Migraine with aura is another common cause. The visual disturbances in migraine (zigzag lines, shimmering spots, blind spots) are technically not hallucinations but distortions caused by a wave of abnormal electrical activity spreading across the visual cortex. They typically last 20 to 60 minutes and are followed by a headache, though some people get the visual aura without any pain at all.

In Lewy body dementia and Parkinson’s disease, visual hallucinations are a hallmark symptom. These conditions involve damage to brain pathways that help process and recognize visual information. The hallucinations tend to be complex and well-formed: insects, people (sometimes familiar, sometimes strangers), animals, children, or miniature figures. They emerge as the disease progresses and disrupts the brain’s ability to distinguish between real visual input and internally generated images. The brain essentially assigns real-world significance to its own spontaneous activity.

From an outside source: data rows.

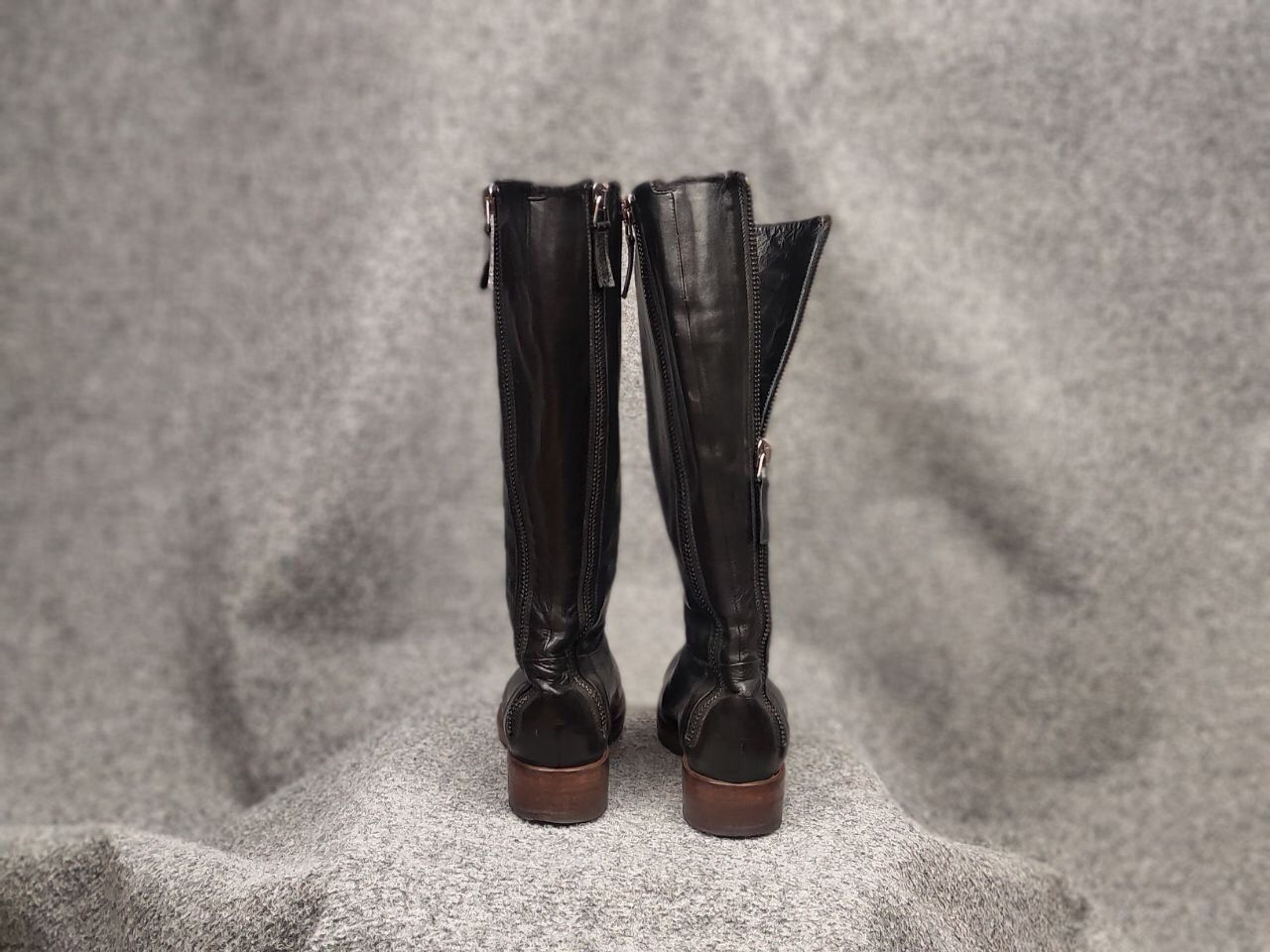 RoccoP Rocco P. Hand Made Torre Saw Patrisio Leather Zip Boots Size US 6 / IT 36 - 9 Thumbnail
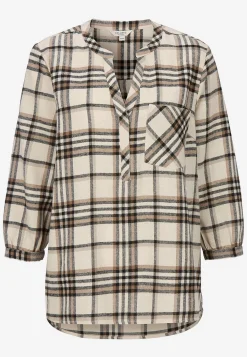 Cellbes of Sweden Blus i flanell med bröstficka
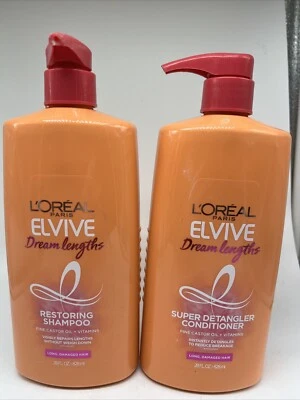L'Oreal Elvive Dream Lengths Super Detangling Shampoo & Conditioner 28oz Pump - Image 1 of 4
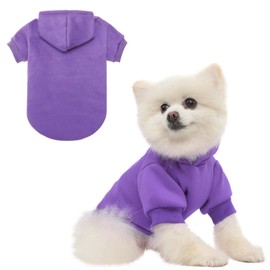 BINGPET Dog Hoodies - Fleece Lined Fall Dog Puppy Sweatshirt Soft Warm Sweater Winter Hooded Clothes for Small Medium Large Dogs & Cats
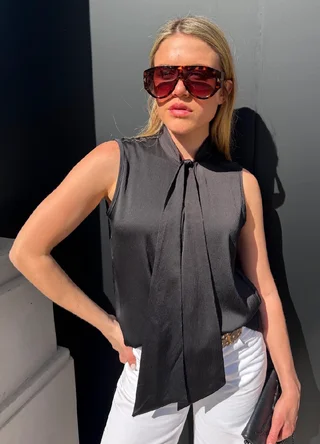 Musculosa Premium Bambula con Lazo GU6220 - Vista 3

Delirium and Acute Confusion

Delirium is a sudden, severe state of confusion caused by medical illness, infection, metabolic problems, surgery, or drug effects. Visual hallucinations are the most common type of hallucination in delirium. Unlike the visions described above, delirium-related hallucinations come with a noticeable drop in awareness, difficulty focusing or following a conversation, and rapid fluctuations between agitation and drowsiness. Delirium is a medical emergency that signals something is significantly wrong in the body, even if the underlying cause turns out to be treatable.

Mental Health Conditions

Visual hallucinations do occur in psychiatric conditions like schizophrenia, bipolar disorder, and severe depression with psychotic features, but they’re actually less common than auditory hallucinations in these diagnoses. When someone with schizophrenia hallucinates, they’re far more likely to hear voices than to see things. Visual hallucinations as the primary or sole symptom are more suggestive of a neurological, medical, or substance-related cause than a psychiatric one. That said, visual and auditory hallucinations can occur together in psychotic episodes, particularly during severe mania or deep depression.

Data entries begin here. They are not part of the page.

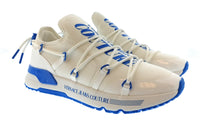 Versace Jeans Couture Versace Jeans Couture Mens White / Royal Blue Cage Runner Sneakers-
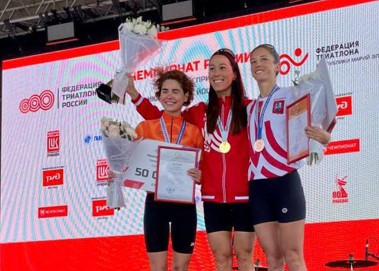 Тулячка Яна Ченская выиграла серебро чемпионата России по триатлону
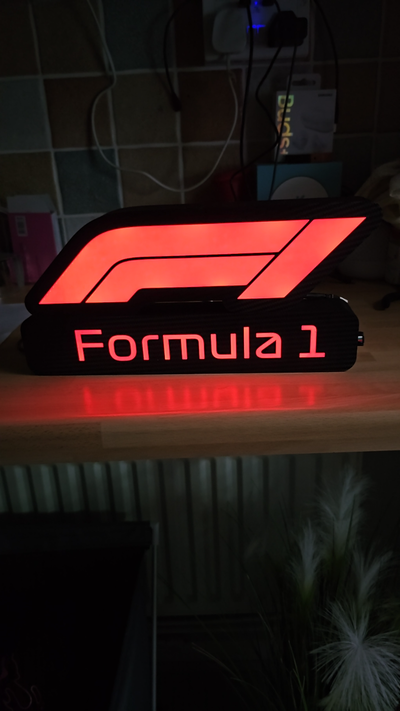 f1 fórmula 1 logo ligero caja by crd 3d arte señales logos 3d print model - Mito3D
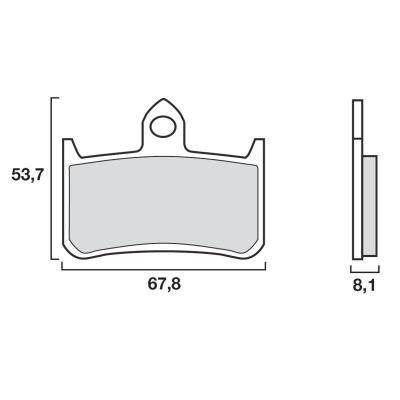 Plaquettes de freins Brembo mod&eacute;le LA Sinter M&eacute;tal Fritt&eacute; Avant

When Visions Are an Emergency

Most causes of visions, especially the sleep-related kind, are not dangerous. But certain patterns warrant urgent medical attention. Seek emergency care if visions are accompanied by sudden confusion or an inability to speak coherently, if they’re rapidly getting worse, if you feel the urge to harm yourself or someone else, or if voices are telling you to act on violent thoughts. New-onset hallucinations in an older adult, especially with fluctuating alertness, suggest delirium and need same-day evaluation. Visions that start suddenly in someone with no history of them, particularly alongside fever, headache, or a recent medication change, also need prompt assessment to rule out treatable causes.